> Hence, it'll be a while before it permeates through various ecosystems. this m...

mrcode007 · on May 22, 2023

Windows has been using this mechanism for well over a decade now. It’s called IOCP (IO completion ports)

hawk_ · on May 22, 2023

IOCP is syscall free only on one side i.e. completion. io_uring can be syscall free on submission side as well.

riceart · on May 22, 2023

> well over a decade now.

3 decades.

blibble · on May 22, 2023

and Linux has had POSIX async IO since 2003

(which no-one uses either because the API doesn't compose well onto existing application structures)

mananaysiempre · on May 22, 2023

If you had mentioned Solaris, I’d have agreed.

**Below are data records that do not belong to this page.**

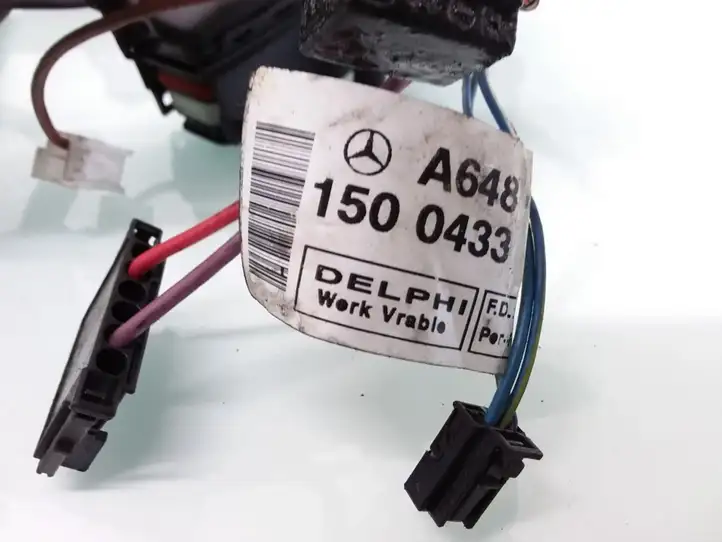 Mercedes-Benz E W211 (2002 - 2009)  A6481500433 Проводка двигателя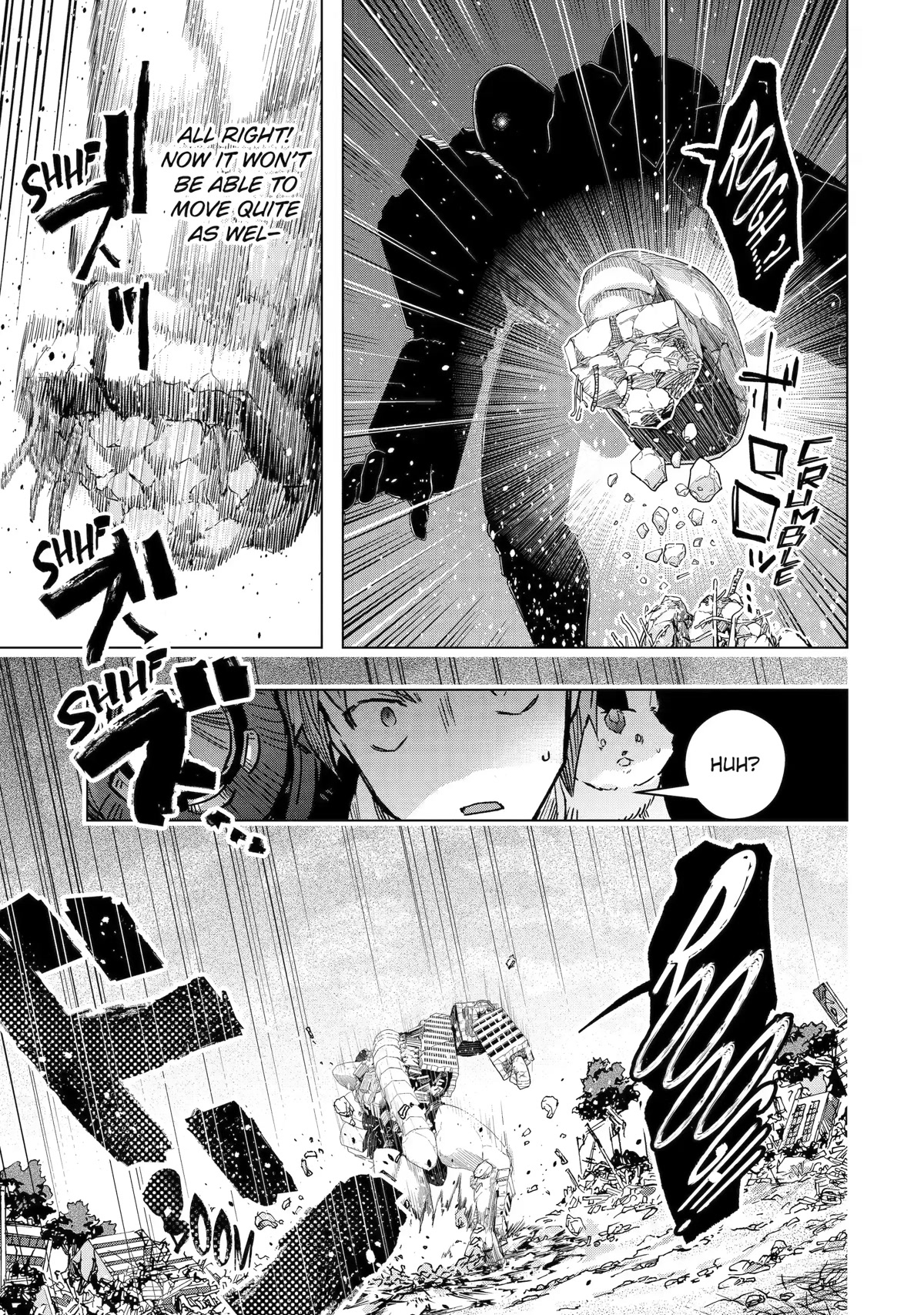 The World Is Full of Monsters Now, Therefor I Want to Live As I Wish Chapter 39 page 9 - Chapter 39
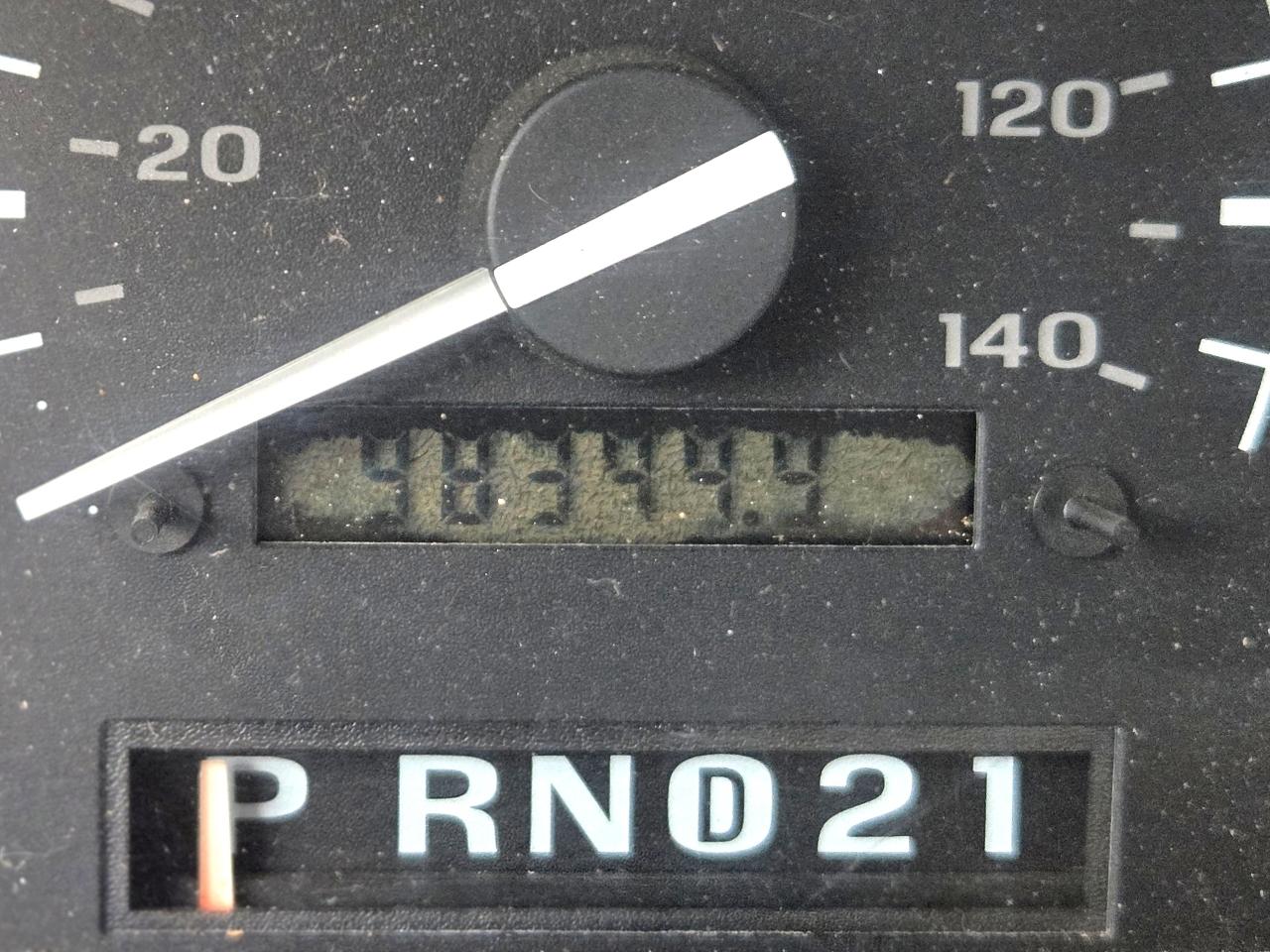Ford F-150 XLT 2WD Reg Cab 6.5' Box 1992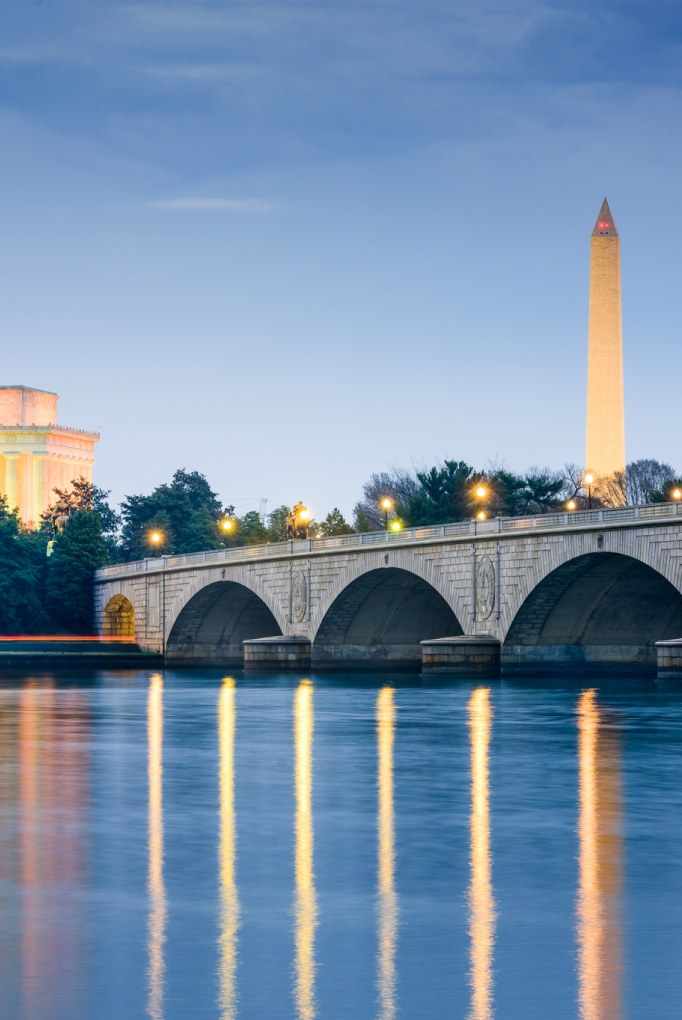 fleuve de Potomac a washington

But POSIX async I/O (the aio_* functions) in Linux is basically worthless performance-wise AFAIU, because Glibc implements it in userspace by spawning threads to do standard sync I/O. Now Linux also has non-POSIX async I/O (the io_* functions), but it’s very situational because it works only if you bypass the cache (O_DIRECT) and can still randomly block on metadata operations (so can Win32, to be fair). There’s select/poll/epoll with O_NONBLOCK of course, which is what people normally use, but those do not really work with files on disk (neither do their WinSock equivalents). Hell, signal-driven IO (O_ASYNC) exists, I’ve used it to make a single-threaded emulator (CPU-bound unlike a network server) interact with the terminal. But asynchronous I/O of normal, cached files is only possible on Linux through the use of io_uring, as far as I’ve been able to figure out.

That said, I’ve read people here saying[1] that overlapped I/O on Windows also works by scheduling operations on a thread pool, even referencing KB articles[2]. This does not mesh with everything I’ve read about I/O in the NT kernel, which is supposed to be natively async to the point where the I/O request datastructure (the IRP) has what’s essentially an emulated call stack inside of it, in order to allow the I/O subsystem to juggle continuations. What am I missing? Does the Win32 subsystem need to dumb things down that much even inside its own implementation?

(Windows 8 also introduced a ringbuffer-based, no-syscalls thing called Registered I/O that looks very much like io_uring.)

[1] https://news.ycombinator.com/item?id=11867351

[2] https://support.microsoft.com/kb/156932

cyberax · on May 22, 2023

> That said, I’ve read people here saying[1] that overlapped I/O on Windows also works by scheduling operations on a thread pool

The _kernel_ thread pool. Eventually, most work has to be done in an actual thread, after all.

> [2] https://support.microsoft.com/kb/156932

It's a bit misleading. What they mean is that some operations can act as barriers for further operations. E.g. async calls to ReadFile won't run until the call to WriteFile finishes (if it's writing past the end of the file).

GoblinSlayer · on May 23, 2023

Why you think you can't use epoll with disk files on linux?

mananaysiempre · on May 23, 2023

Per open(2) [1], you can’t really ask the kernel to not block on regular files:

> O_NONBLOCK [...] has no effect for regular files and will (briefly) block when device activity is required, regardless of whether O_NONBLOCK is set. []O_NONBLOCK semantics might eventually be implemented[.]

I’m actually not sure if the reported readiness for them is of any use, but the documentation for select(2) [2] doesn’t give me a lot of hope:

> A file descriptor is ready for writing if a write operation will not block. However, even if a file descriptor indicates as writable, a large write may still block.

This for data operations; if you want open() itself to avoid spelunking through NFS or spinning up optical drives or whatnot, before io_uring you simply had no way to tell that to the kernel—you call open*() or perhaps creat(), which must give you a fd, thus must block until they can do so.

(As far as I’ve seen, tutorial documentation usually rounds this down to “you can’t do nonblocking I/O on disk files”.)

[1] https://man7.org/linux/man-pages/man2/open.2.html

[2] https://man7.org/linux/man-pages/man2/select.2.html

GoblinSlayer · on May 23, 2023

You use io_uring to spin optical drives?

loeg · on May 22, 2023

Yeah, but everything on Windows uses IOCP.

fanf2 · on May 22, 2023

I am looking forward to io_uring support in libuv

CoolCold · on May 23, 2023

isn't it a thing already https://www.phoronix.com/news/libuv-io-uring ?